─── Source records ───

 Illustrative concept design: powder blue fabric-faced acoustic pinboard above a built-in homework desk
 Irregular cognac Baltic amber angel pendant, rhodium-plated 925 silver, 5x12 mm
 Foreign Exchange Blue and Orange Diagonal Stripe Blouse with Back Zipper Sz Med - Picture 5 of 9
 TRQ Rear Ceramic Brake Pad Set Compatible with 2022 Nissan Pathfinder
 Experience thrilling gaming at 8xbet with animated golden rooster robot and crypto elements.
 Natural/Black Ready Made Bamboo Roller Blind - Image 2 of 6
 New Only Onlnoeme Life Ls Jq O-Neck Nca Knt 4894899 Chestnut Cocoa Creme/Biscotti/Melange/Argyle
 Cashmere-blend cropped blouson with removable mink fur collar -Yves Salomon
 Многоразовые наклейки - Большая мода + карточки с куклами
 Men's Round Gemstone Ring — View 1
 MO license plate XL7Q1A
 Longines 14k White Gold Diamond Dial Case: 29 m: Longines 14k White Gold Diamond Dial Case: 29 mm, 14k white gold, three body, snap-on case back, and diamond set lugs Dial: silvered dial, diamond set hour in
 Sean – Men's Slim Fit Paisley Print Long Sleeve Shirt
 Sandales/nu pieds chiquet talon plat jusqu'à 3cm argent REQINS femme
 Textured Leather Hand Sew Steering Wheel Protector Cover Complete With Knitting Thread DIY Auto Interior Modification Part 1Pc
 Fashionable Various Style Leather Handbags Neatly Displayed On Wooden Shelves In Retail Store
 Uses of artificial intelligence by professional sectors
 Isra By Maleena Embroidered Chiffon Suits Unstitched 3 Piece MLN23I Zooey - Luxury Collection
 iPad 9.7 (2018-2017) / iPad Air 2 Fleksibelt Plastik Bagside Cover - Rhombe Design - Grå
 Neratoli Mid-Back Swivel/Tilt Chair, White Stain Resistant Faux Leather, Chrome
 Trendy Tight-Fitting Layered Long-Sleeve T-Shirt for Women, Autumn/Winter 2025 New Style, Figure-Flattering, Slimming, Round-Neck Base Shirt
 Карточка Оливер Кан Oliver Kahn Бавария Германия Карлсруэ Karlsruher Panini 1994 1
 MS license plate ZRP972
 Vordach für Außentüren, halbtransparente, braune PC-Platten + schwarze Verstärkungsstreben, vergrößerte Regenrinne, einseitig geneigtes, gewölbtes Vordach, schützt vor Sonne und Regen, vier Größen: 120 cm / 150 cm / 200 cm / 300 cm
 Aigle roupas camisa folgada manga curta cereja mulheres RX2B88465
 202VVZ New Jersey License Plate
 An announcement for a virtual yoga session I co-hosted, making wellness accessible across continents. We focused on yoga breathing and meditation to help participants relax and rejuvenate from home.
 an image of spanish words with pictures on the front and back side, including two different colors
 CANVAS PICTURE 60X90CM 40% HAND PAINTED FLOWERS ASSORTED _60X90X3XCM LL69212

───

# [Work to complete]
Return each line of the data above that includes the word "Leather".

# [Answer box]
 Textured Leather Hand Sew Steering Wheel Protector Cover Complete With Knitting Thread DIY Auto Interior Modification Part 1Pc
 Fashionable Various Style Leather Handbags Neatly Displayed On Wooden Shelves In Retail Store
 Neratoli Mid-Back Swivel/Tilt Chair, White Stain Resistant Faux Leather, Chrome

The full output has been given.